NUSAKATA.COM – Aksi unjuk rasa yang digelar puluhan aktivis dari Keluarga Mahasiswa Lebak (Kumala) di depan Kantor Dinas Pekerjaan Umum dan Penataan Ruang (DPUPR) Kabupaten Lebak, Senin (30/6/2025).
Massa mendobrak pagar gerbang kantor karena kecewa tidak mendapat tanggapan dari Kepala Dinas. Dalam orasinya, massa menyuarakan desakan pencopotan Kepala DPUPR Lebak yang dinilai bertanggung jawab atas lemahnya pengawasan proyek infrastruktur jalan desa.
Mereka merujuk pada temuan Badan Pemeriksa Keuangan (BPK) RI Perwakilan Banten dalam Laporan Hasil Pemeriksaan (LHP) tahun anggaran 2024.
Koordinator aksi, Idham, menyatakan bahwa proyek pembangunan jalan Desa di Kabupaten Lebak diduga sarat penyimpangan teknis. Akibatnya, negara ditaksir mengalami kerugian hampir Rp2 miliar.

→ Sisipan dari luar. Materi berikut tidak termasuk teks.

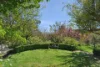 57 Ridgeway Road, The Ridgeway, NSW 2620-Image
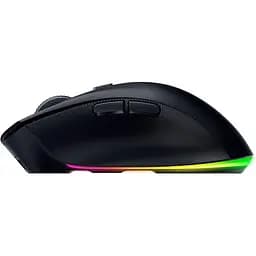 Миша Razer Pro Click V2 Black (RZ01-03900100-R3M1) [151659] - мініатюра 2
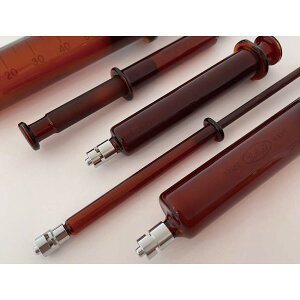 yϑΉz VAN iHƁj FKXˊ 3ml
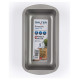 Salter BW13663 Essentials 25 cm Loaf Tin
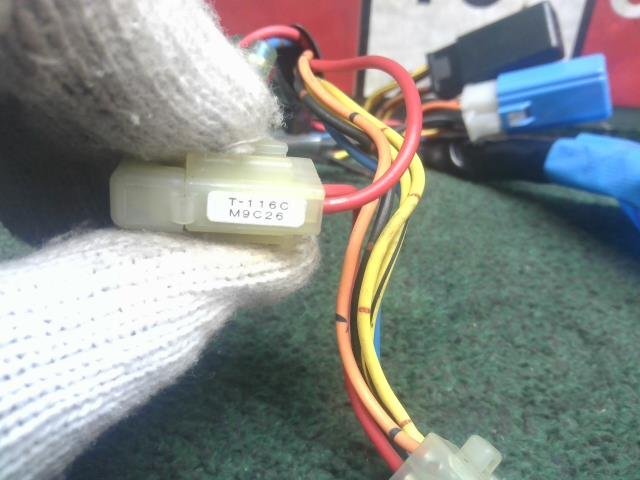 item_image_3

“Temuan BPK menunjukkan adanya manipulasi spesifikasi dan mutu pekerjaan. Ini bentuk kelalaian yang tidak bisa dibiarkan,” kata Idham seusai aksi.
Kumala mendesak agar aparat penegak hukum segera mengusut keterlibatan kontraktor, konsultan pengawas, serta pejabat teknis yang menangani proyek tersebut.
Mereka juga meminta Bupati Lebak mengevaluasi kinerja DPUPR secara menyeluruh dan menuntut Kepala Dinas untuk mengundurkan diri dari jabatannya.
“Kami mendesak agar PPK, PPTK, hingga Kepala Bidang Bina Marga ikut diperiksa sebagai pihak yang berpotensi mengetahui manipulasi teknis proyek,” ujar Idham.
Aksi yang berlangsung damai semula berubah memanas setelah tak satu pun pejabat DPUPR menemui massa. Ketegangan pun meningkat, dan mahasiswa menerobos gerbang kantor sebagai bentuk kekecewaan. Aparat kepolisian sempat berupaya meredam situasi namun tidak mampu menahan massa memasuki area kantor.
Sepdi Hidayat, Ketua KUMALA Perwakilan Pandeglang juga menambahkan terkait dengan kegagalan dan kecerobohan yang dilakukan oleh Pegawai PUPR khususnya Kepala Dinas PUPR Lebak
Dikatakannya, Tidaklah rasional ketika kesalahan yang sama yakni ketidaksesuaian spesifikasi ditemukan pada 11 proyek pengerjaan, dan tidaklah mungkin bahwa kontraktor pelaksana seberani itu melakukan tindakan pengurangan volume dan mutu proyek pengerjaan.
“Kami menduga bahwa pasti ada indikasi kerjasama kotor (kongkalikong) yang dilakukan oleh PUPR dengan Kontraktor Pelaksana,” Ujarnya.